Start of Entries supplied

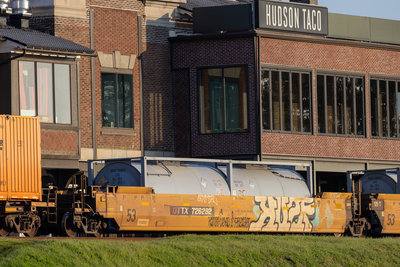DTTX 726282A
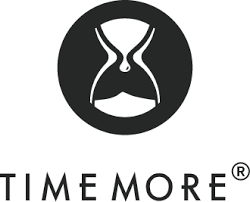 TIME MORE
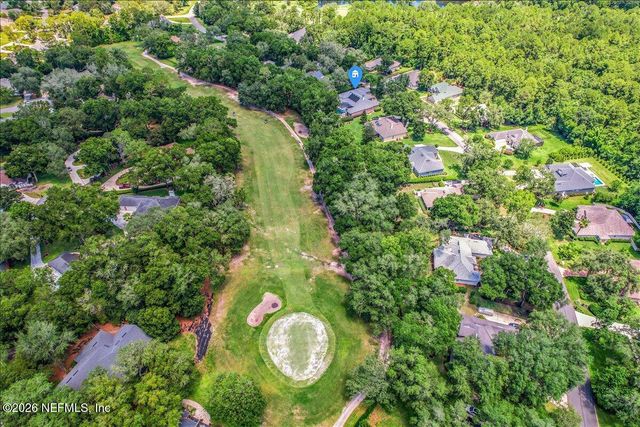 3542 SHINNECOCK Lane, Green Cove Springs, FL 32043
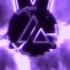 THOMAS ZWE1HVNDXR NONTHENSE Music Phonkbrasil Edit Phonkkslv Phonk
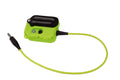 Ground Mechanic Hi-Viz Aircraft Adaptor J656858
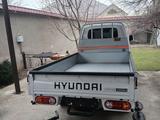 Hyundai Porter 2025 года за 15 200 000 тг. в Шымкент – фото 4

End of Entries supplied

■ Exercise
The records above must be copied exactly, with no pictures carried over.

■ Response to the task
DTTX 726282A
 TIME MORE
 3542 SHINNECOCK Lane, Green Cove Springs, FL 32043
 THOMAS ZWE1HVNDXR NONTHENSE Music Phonkbrasil Edit Phonkkslv Phonk
 Ground Mechanic Hi-Viz Aircraft Adaptor J656858
 Hyundai Porter 2025 года за 15 200 000 тг. в Шымкент – фото 4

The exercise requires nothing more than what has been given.